Both face political trouble.

They may be ideological opposites, but President Donald Trump and Mayor Bill de Blasio have more in common than you might think.

Both were elected from large fields of contenders, both running against the establishment. Criticizing the establishment and casting himself as anti-elitist, Trump defeated a cast of mainstream Republicans and the mainstream Democrat, Hillary Clinton.

Criticizing the NYPD’s stop-and-frisk policy and casting himself as anti-police, de Blasio beat his mainstream opponent, then- City Council Speaker Christine Quinn, in the primary.

Both made misjudgments early in their terms. Trump is still making them. A major policy pronouncement — his executive order suspending immigration from seven Muslim-majority countries — was stayed by the courts. Many in the NYPD believe that what they saw as de Blasio’s anti-cop rhetoric created the environment that led to the fatal shootings of two officers.

Both face political trouble. The Manhattan district attorney’s office is investigating de Blasio’s fundraising practices, and federal prosecutors are probing whether the mayor or city officials gave preferential treatment to contributors in exchange for donations.

Trump’s firing of retired Lt. Gen. Michael Flynn may just be the beginning of investigations into Flynn’s and Trump’s Russian connections that could have lasting damage for his presidency, if not lead to impeachment.

Both remain captives of their inner selves. Trump seems unable to stop himself from tweeting off the cuff, and de Blasio cannot shake free of his radical predilections.
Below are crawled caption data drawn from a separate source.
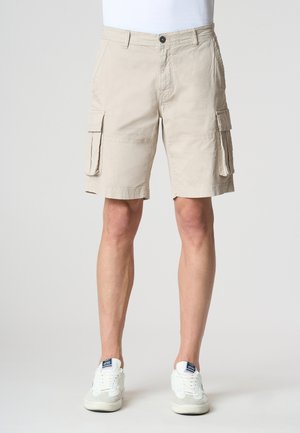 Pantaloni cargo beige in cotone, con tasche laterali, parte anteriore piatta e chiusura con bottone. Indossati con sneakers bianche.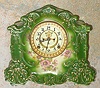 Ansonia Clock Co., C.1905, standard line "RAINBOW" porcelain china cased clock, with 8-day, gong strike mov't with open escapement on porcelain dial, in a medium green case, with multi color floral transfers to the front and sides.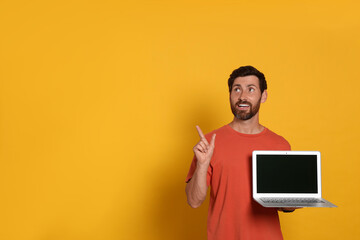 Handsome man with laptop on orange background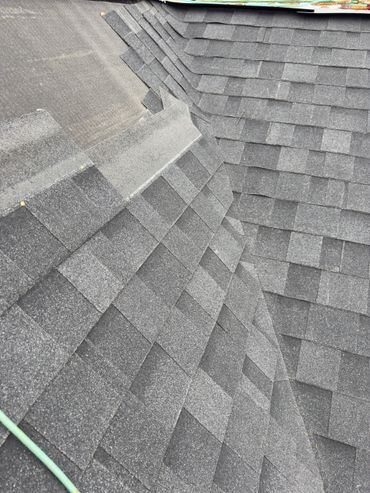 Close-up of a gray shingled roof with layered patterns and nails.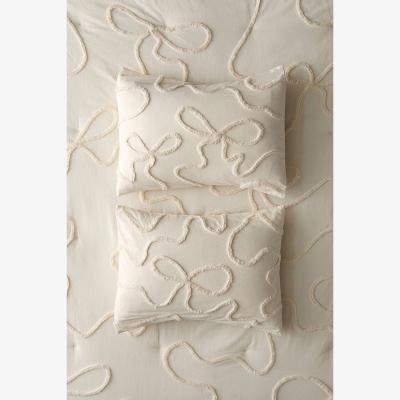 Urban Outfitters Wild Bows Tufted Duvet Set - Cream King at Urban Outfitters
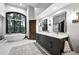 Luxurious bathroom with a standalone soaking tub, double vanity, and modern fixtures at 2548 Keystone Dr, Evergreen, CO 80439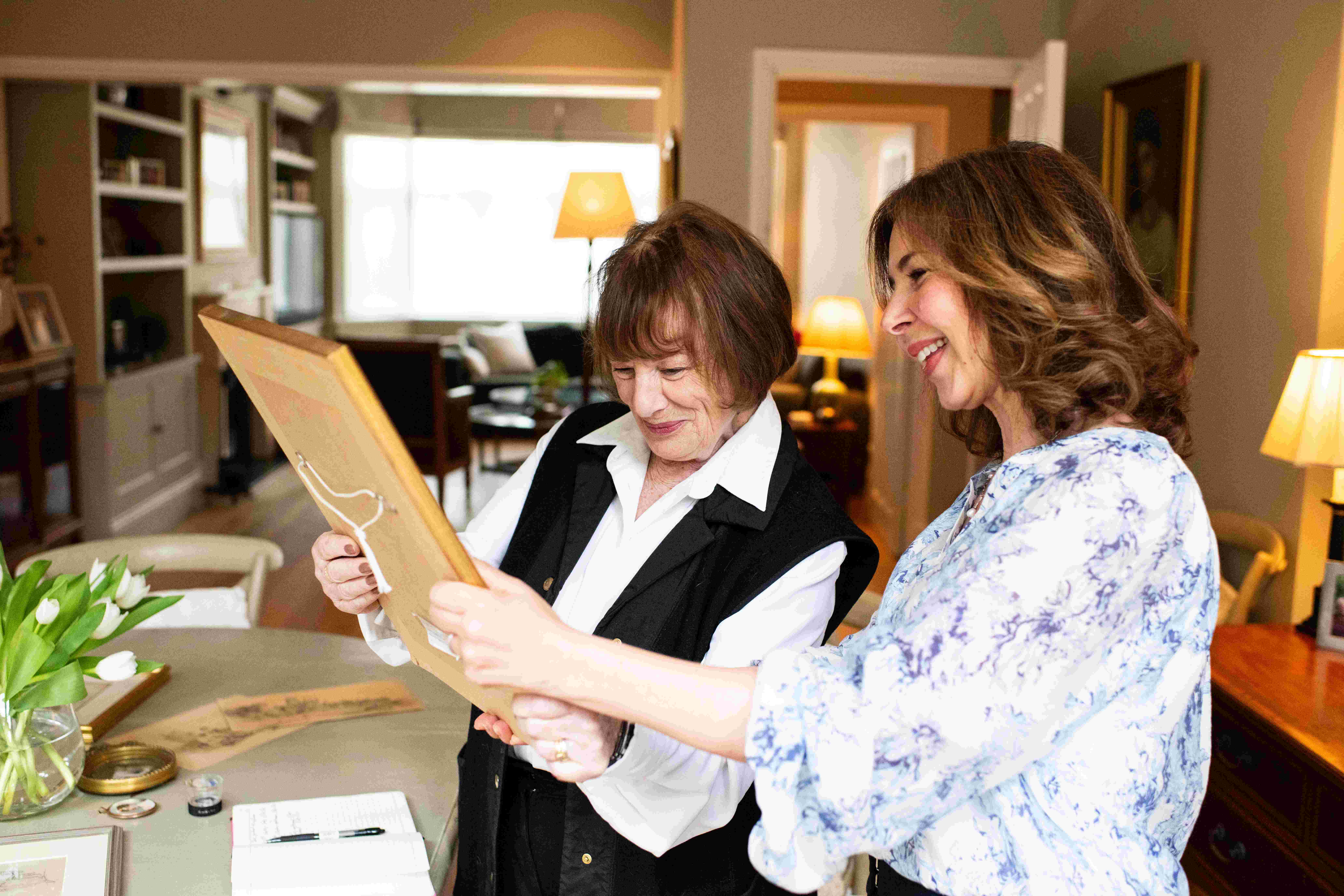two women looking at a painting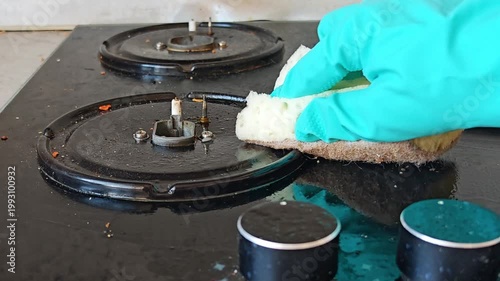 Hand wiping the surface of a gas stove with a cloth. kitchen cleaning, spotless home, household routine.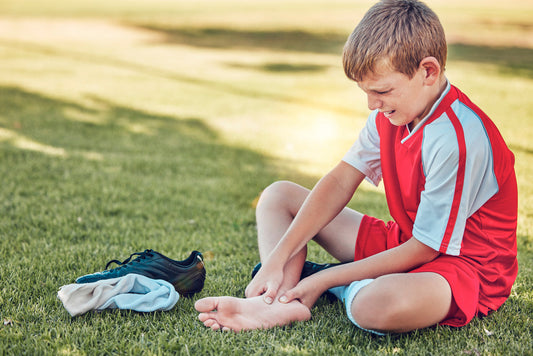 child playing football removing boot and sock as heel in pain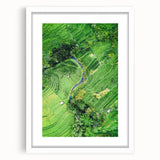 Abstract art print featuring swirling shades of blue and green, framed in white, suitable for bedroom or dining room decor.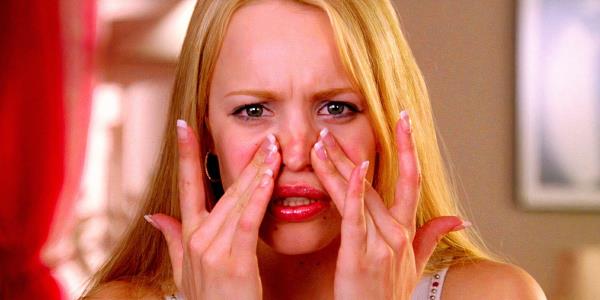 Rachel McAdams as Regina George touching her face while looking in a mirror in Mean Girls 2004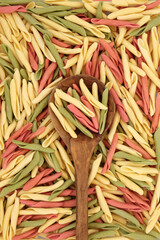 Fusilli pulgiesi tri colored pasta in an olive wood spoon and forming an abstract background. Healthy Italian carbohydrate food concept.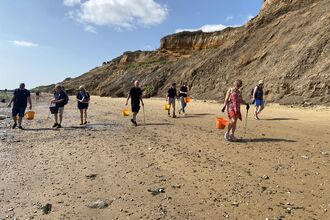 A group of people litter picking on a beach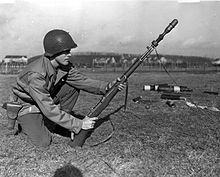 Photographie d'un soldat tenant entre ses mains un fusil armé d'une grenade.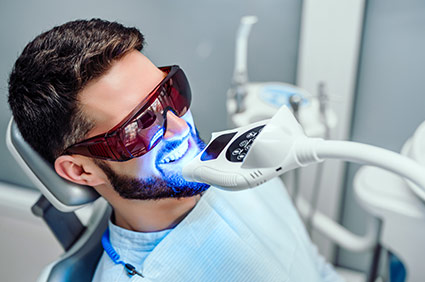 Male patient wearing protecetive UV glasses while having his teeth whitened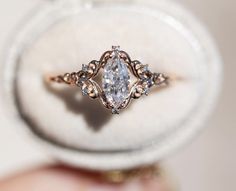 a close up view of a ring with a diamond in the middle and two smaller diamonds on each side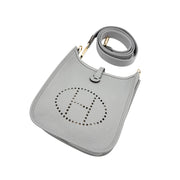 Angled top view of Hermès Evelyne Amazone 16 in Gris Patin highlighting the perforated H emblem, soft leather grain, and shoulder strap ring attachment.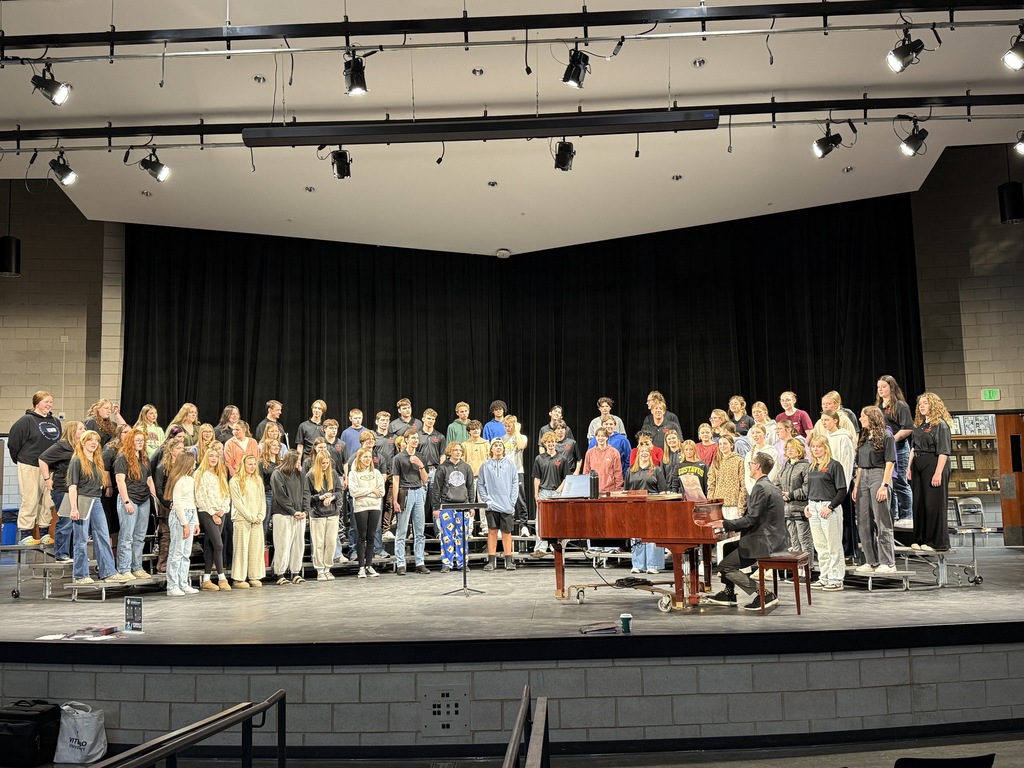 Both choirs standing on risers on the stage doing warm ups. 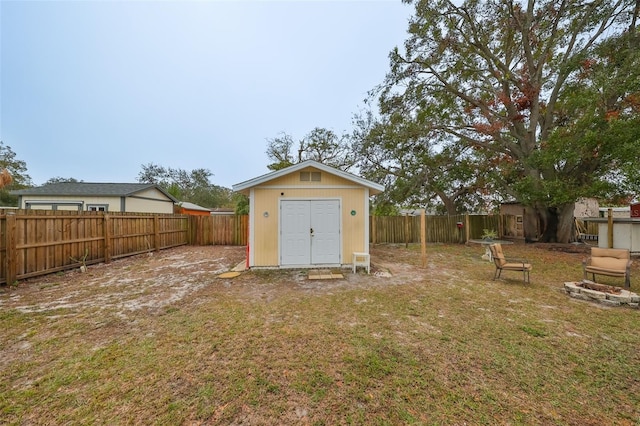 view of yard with an outbuilding, a shed, and a fenced backyard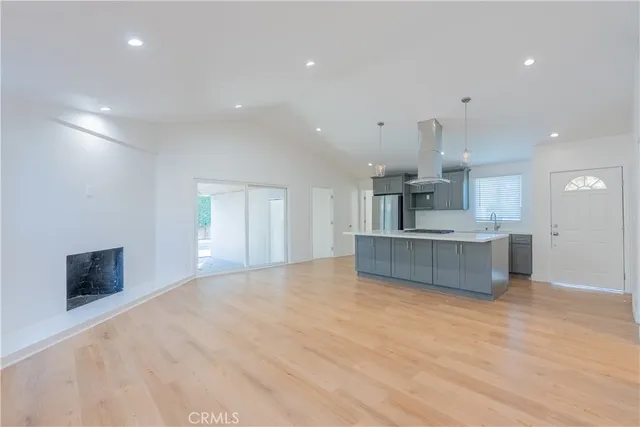 a large kitchen with stainless steel appliances a large counter top a stove and a sink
On Feb. 8, Trump attacked retailer Nordstrom after it said it would drop his daughter’s fashion line. He tweeted: “My daughter Ivanka has been treated so unfairly by @Nordstrom. She is a great person — always pushing me to do the right thing! Terrible!”

And de Blasio tweeted to laud President Barack Obama’s decision to commute the sentence of Oscar Lopez Rivera, a member of a Puerto Rican terrorist group responsible for 100 bombings in the 1970s and 1980s, including a bombing at Fraunces Tavern that killed four and another at Police Plaza that permanently injured three NYPD officers.

De Blasio tweeted: “Thank you POTUS . . . Congratulations for all who fought for this day.”